Jimmie Vaughan - Baby, Please Come Home (2019) Recensione



È sul mercato da un po’ di tempo Baby, Please Come Home, il ritorno in studio di registrazione di Jimmie Vaughan.


Per cominciare, ho una confessione da fare a proposito di Jimmie Vaughan che probabilmente mi costerà la disapprovazione di tanti appassionati di blues: ho sempre preferito la visione della musica del diavolo di Jimmie a quella del ben più celebre fratello, il compianto Steve Ray.
Maggiore di pochi anni rispetto a Steve, Jimmie ha senz’altro l’indubbio merito di aver avviato alla chitarra elettrica il fratello minore in quel di Austin, Texas.

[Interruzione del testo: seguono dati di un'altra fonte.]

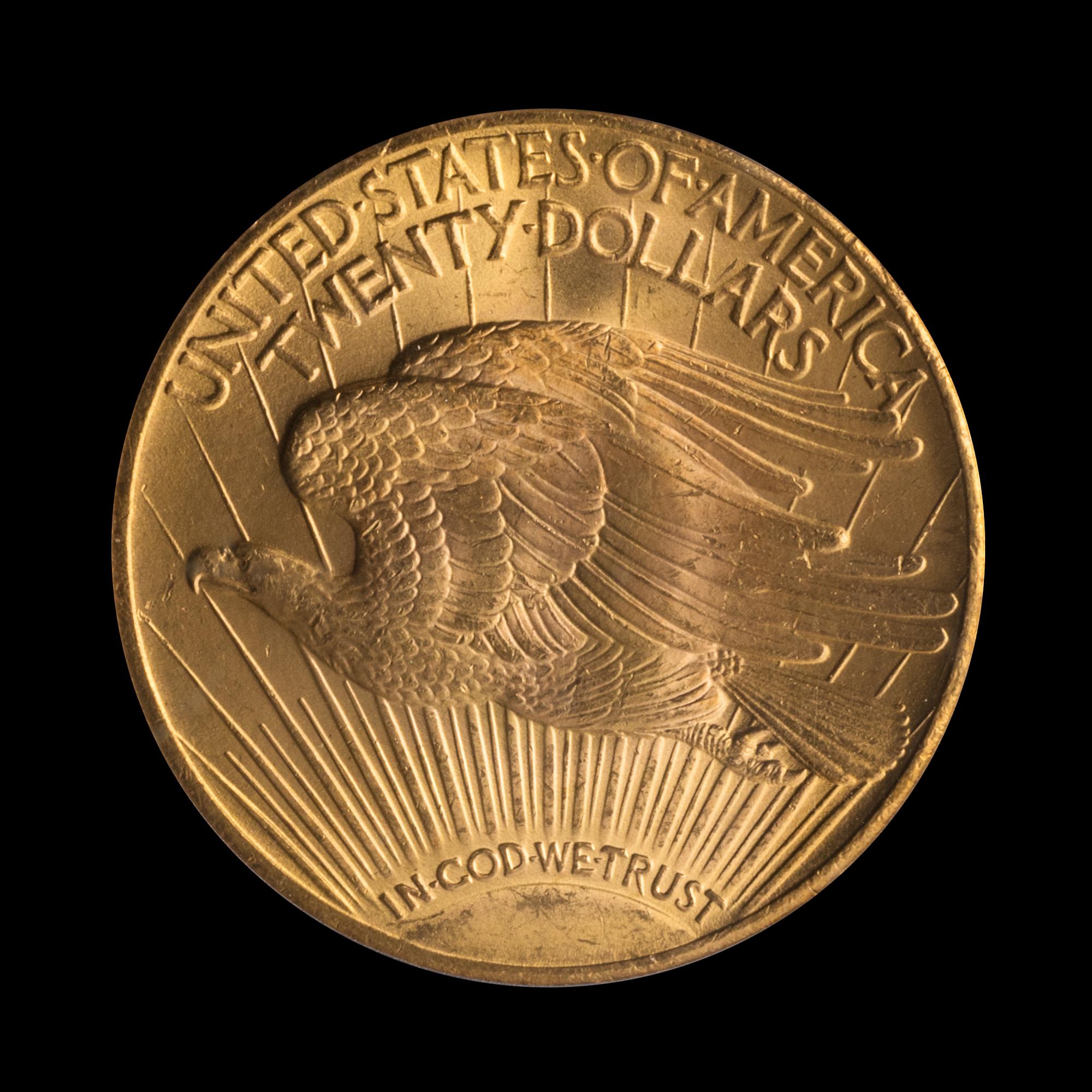 A United States 1928 St. Gaudens $20 Gold Coin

Ora, immaginatevi il Texas degli anni ’60 e ’70. Avete mai visto un episodio de La Vita Secondo Jim? Ecco, ci siamo. Football americano, muscle car, birra gelata, donne ai fornelli e un approccio alla politica che farebbe sembrare Trump un giovane comunista di Lotta Continua. E il blues, come unica cosa da salvare.
Il buon Jimmie non fa eccezione – anni fa ha  anche sostenuto la campagna elettorale del repubblicano Ron Paul – tanto che ha iniziato a suonare la chitarra elettrica dopo che un infortunio piuttosto serio gli impedì di proseguire nel football.
Attivo dalla fine degli anni sessanta, nel 1974 fonda i Fabulous Thunderbirds, pub band che si fa le ossa suonando un rock blues tanto grezzo quanto efficace per tutto il sud. Ma il destino di Jimmie è sempre a un passo e mezzo dal grande successo, così, mentre Steve Ray infiamma i palchi di mezzo mondo e affronta l’immancabile calvario di fama, droga e stravizi da rockstar, i Thunderbirds centrano la grande hit solo nel 1986. Il pezzo è Tuff Enuff, il sound non ha resistito all’avvento dei patinati anni ‘80 e si è fatalmente levigato, risultando ben lontano da quello grezzo e sincero degli esordi. Al punto che Jimmie, appena assaporato un po’ di successo, abbandona il progetto. Passano quattro anni e di nuovo la celebrità sembra a portata di mano: Steve Ray si è ripulito ed è tornato ai fasti di un tempo, quando i due realizzano assieme Family Style. Di nuovo, però, il destino rema contro; intanto, il disco è ben al di sotto delle aspettative e del resto è pure vero che Steve Ray non ha mai brillato troppo per la scrittura dei pezzi. Ma la tegola più pesante arriva poco prima dell’uscita dell’LP: il famoso, tragico schianto in elicottero sull’Alpine Valley e Steve non c’è più.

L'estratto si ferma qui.